Costochondritis
Costochondritis (rare plural: costochondritides) is a common self-limiting painful inflammation of multiple costochondral junctions and/or the costosternal articulation. There is usually a distinct absence of swelling and chest wall palpation usually reproduces the pain.
It is important to not conflate/confuse this diagnosis with Tietze syndrome, which is a different, rarer, condition .
Clinical presentation
- chest wall pain: sharp, aching or like a heavy weight
- pain is localized to multiple costochondral junctions
- often second to fifth junctions, in particular, ribs 3 and 4
- any of the seven costochondral junctions and/or costosternal joints may be affected
- commonly unilateral
- worsened by upper body motion, deep inspiration and exercise
- often second to fifth junctions, in particular, ribs 3 and 4
- affected joints are tender on physical exam
- no visible/palpable swelling of the involved joints
In patients older than 35 years it is pertinent to rule out more serious causes of chest wall pain, such as ischemic cardiac disease, which may occasionally present with chest wall tenderness .
Pathology
The pathogenesis of costochondritis remains unclear, and postulated mechanisms include dysfunction of neurogenic and/or musculoskeletal structures .
Treatment and prognosis
In the majority of cases, costochondritis is a self-limiting condition, with resolution in weeks to months. And in general, analgesia to control the pain suffices, e.g.
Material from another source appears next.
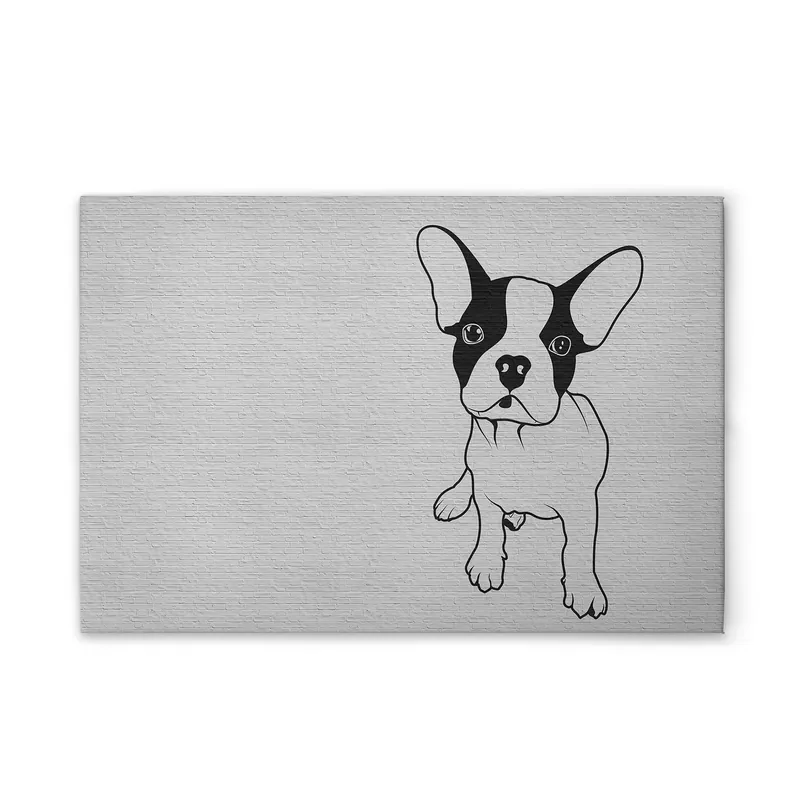 Top-Seller Tadessi Leinwandbild Hund Steinwand - 90 x 60 cm - M1-No.51024 - Keilrahmen in Schwarz Weiß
NSAIDs or acetaminophen. Clearly avoiding any activities that aggravate/produce the symptoms is sensible. Rarely an image-guided corticosteroid injection of the affected joint(s) might be needed .
Occasionally the condition might rumble on for up to a year .
History and etymology
Historically, costochondritis has been known as costosternal syndrome, parasternal chondrodynia or anterior chest wall syndrome. Also, whilst strictly correct, the term costosternitis (plural: costosternitides) is never seen.